I think saying exactly what an ai of sufficient complexity is doing is a mater for philosophy more than science. But idk if transforming or mixing is how I’d describe what this is doing. In particular it truly does not have a complete representation of any of the images it was trained on. They just wouldn’t fit. It does of course have an understanding of how embeddings relate to images that is informed by the images it’s seen so maybe that counts, but I’m not sure if it’s useful in understanding the limitations or how to improve models like it
> i spoke to law profs about this - the analogy which kept coming up is the vcr. initially basically a piracy machine, it brought to life an enormous content market. had it been banned, creators would have been worse off in the long run.
It’s called Sony v Universal, and the legal doctrine for fair use that resulted is a test for “commercially significant non-infringing use”, of which a tool used for inpainting to remove power lines, latent space psychedelic visuals, and photo booth-painterly-style all are.
Imagine if Stable Diffusion was made illegal.

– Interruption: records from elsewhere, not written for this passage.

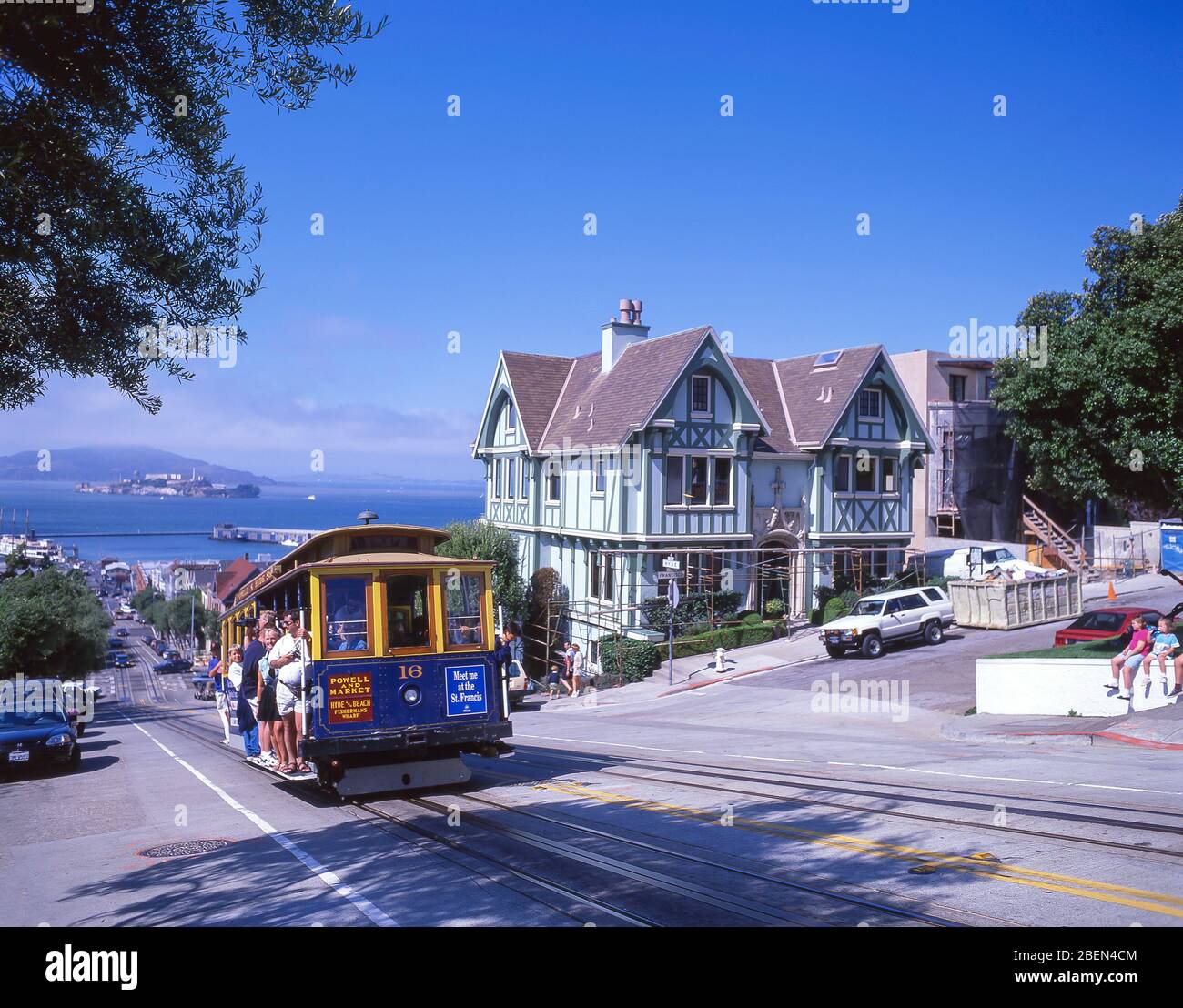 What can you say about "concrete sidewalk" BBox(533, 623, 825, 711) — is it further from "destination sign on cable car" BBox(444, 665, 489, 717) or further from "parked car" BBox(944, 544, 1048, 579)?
"destination sign on cable car" BBox(444, 665, 489, 717)

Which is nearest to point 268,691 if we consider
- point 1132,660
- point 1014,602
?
point 1132,660

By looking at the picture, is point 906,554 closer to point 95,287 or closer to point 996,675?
point 996,675

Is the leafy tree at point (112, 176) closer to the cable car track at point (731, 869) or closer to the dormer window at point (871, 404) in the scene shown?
the cable car track at point (731, 869)

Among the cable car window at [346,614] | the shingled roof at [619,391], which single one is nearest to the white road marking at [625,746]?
the cable car window at [346,614]

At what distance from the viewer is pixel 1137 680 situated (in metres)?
18.1

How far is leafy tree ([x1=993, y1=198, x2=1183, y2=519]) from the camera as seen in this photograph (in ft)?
65.0

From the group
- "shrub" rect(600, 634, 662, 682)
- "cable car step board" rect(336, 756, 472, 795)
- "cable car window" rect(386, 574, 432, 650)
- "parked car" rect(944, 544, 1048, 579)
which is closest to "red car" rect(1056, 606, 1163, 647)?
"parked car" rect(944, 544, 1048, 579)

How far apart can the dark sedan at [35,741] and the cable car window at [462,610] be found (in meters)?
9.36

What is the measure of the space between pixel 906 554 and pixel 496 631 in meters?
31.4

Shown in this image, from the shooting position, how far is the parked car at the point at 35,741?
55.6 feet

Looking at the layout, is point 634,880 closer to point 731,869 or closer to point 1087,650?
point 731,869

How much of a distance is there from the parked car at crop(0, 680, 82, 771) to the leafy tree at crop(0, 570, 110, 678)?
73.5 feet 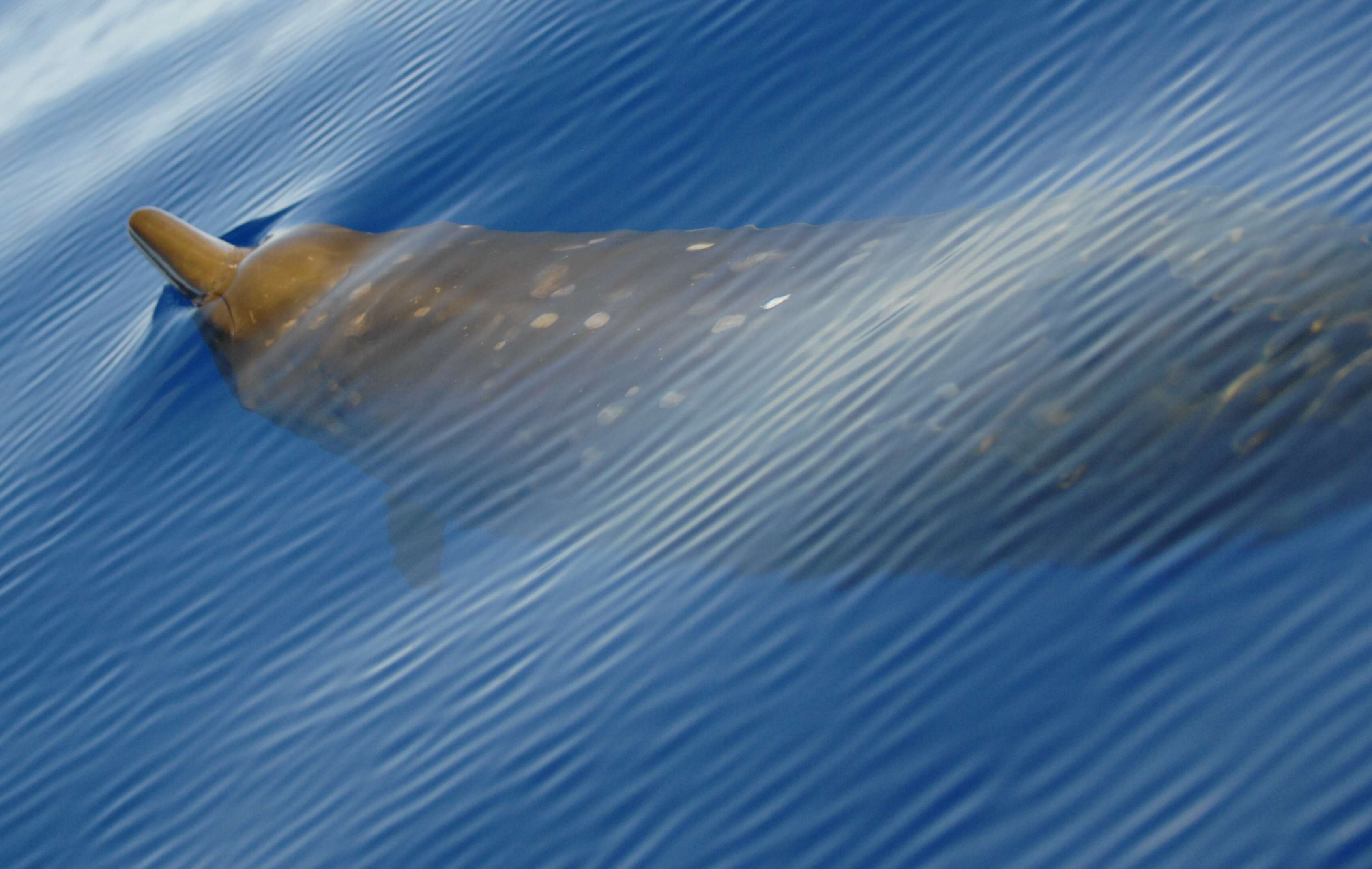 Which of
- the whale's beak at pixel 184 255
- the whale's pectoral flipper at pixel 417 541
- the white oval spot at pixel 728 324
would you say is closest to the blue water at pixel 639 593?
the whale's pectoral flipper at pixel 417 541

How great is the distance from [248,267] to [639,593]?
3.99 metres

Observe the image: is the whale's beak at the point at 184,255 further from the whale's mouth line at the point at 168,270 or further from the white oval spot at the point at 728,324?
the white oval spot at the point at 728,324

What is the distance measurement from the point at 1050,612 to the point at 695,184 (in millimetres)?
3880

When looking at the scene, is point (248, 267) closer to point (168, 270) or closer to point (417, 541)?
point (168, 270)

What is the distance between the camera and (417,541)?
6.04 meters

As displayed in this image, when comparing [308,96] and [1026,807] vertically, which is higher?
[308,96]

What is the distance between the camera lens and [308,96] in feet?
33.3

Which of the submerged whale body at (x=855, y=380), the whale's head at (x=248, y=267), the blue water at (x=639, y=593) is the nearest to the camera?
the blue water at (x=639, y=593)

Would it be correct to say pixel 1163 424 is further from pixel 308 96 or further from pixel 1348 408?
pixel 308 96

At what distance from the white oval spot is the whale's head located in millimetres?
2800

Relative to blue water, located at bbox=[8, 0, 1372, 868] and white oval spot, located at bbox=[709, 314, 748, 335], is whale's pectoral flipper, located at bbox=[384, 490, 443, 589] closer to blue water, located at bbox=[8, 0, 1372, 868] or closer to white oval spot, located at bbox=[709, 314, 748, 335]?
blue water, located at bbox=[8, 0, 1372, 868]

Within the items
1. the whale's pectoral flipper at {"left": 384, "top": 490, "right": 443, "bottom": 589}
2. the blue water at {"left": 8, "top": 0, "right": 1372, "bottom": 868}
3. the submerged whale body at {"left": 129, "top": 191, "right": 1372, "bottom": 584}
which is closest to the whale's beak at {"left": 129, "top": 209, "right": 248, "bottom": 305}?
the blue water at {"left": 8, "top": 0, "right": 1372, "bottom": 868}

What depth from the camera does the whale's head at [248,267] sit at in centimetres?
748

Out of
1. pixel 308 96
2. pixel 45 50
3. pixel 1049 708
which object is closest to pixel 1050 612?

Someone accuses me of using this illegal tool for one of these non-infringing uses, that is an image that doesn’t look like anyone else’s image as far as the court is concerned for copyright. I put the image on my website. If the image itself is not at all infringing, then what is the evidence that Stable Diffusion was used? Should the police be issued a warrant to search my private property for proof that I used Stable Diffusion without a shred of evidence or based on a tool that will always have both false positives and negatives?
I do want to clarify that I think stable diffusion and tools like it can engage in illegal copying. For example it will happily produce infringing images of logos and even somewhat random other images https://arxiv.org/pdf/2212.03860.pdf. It seems like it’s devoting an uneven amount of its weights to different images, but I remain unconvinced that’s all it can do, or at least anymore all it can do than for a human artist
This is what happens when you overtrain a model too. Recent developments have allowed partial sets of model weights called LoRAs to be added to the diffusion model. These models can be fine-tuned independently in under half an hour. If you set the learning rate too high, it will start reproducing the source material with extremely high fidelity. This is what overfitting does.
My conclusion is there is an argument to be made for infringement in some cases, but it's based on degrees instead of absolutes. If infringement is defined as "copyrighted works were used in this dataset", then at a certain point (low enough learning rate) it becomes impossible to tell if infringing data was used. You'd be working with weight amounts that are so miniscule they could be rounding errors, yet by that definition would still be infringing.
And since any arbitrary data can be used with some set of keywords, the standard for what constitutes "infringing" changes with each model. As in, it would probably be hard to have a benchmark test that can definitively state "this model violates copyright." Any number of keywords can be trained on to obfuscate the prompt needed to reproduce the data, assuming there was even a high enough LR for the data to be reproduced similarly enough.
I'm unsure if there can ever be one standard for when a set of a bunch of floating point numbers can pass the threshold for constituting infringement. This is applying an absolute standard to a fuzzy algorithm. It's like compressing a JPEG, at some level of compression on the scale a picture of Mickey Mouse becomes unintelligible. But with JPEGs it isn't really useful to have an unintelligible picture of Mickey Mouse. However, it can be extremely useful to have a LoRA with the weights underfit just enough to where the diffusion gives novel outputs.
> historically, creatives have been among the first to embrace new technologies. ever since the renaissance, artists have picked up every new tool as it's become available, and used it to make great things.
> these people aren't 'luddites'
This is just total bullshit. I know plenty of artists who are embracing this technology to make all sorts of things that tools like SD were not designed to do, like psychedelic music videos, etc.
What the author means is that a few loud blue check marks on Twitter who claim to be artists have been tweeting, get ready for it, inflammatory claims.
As another comment[1] points out:
> This appears to be just looking for the nearest neighbors of the image in embedding space and calling those the source data.
Stylistically similar images are not the same as source images.
[1] https://news.ycombinator.com/item?id=34670483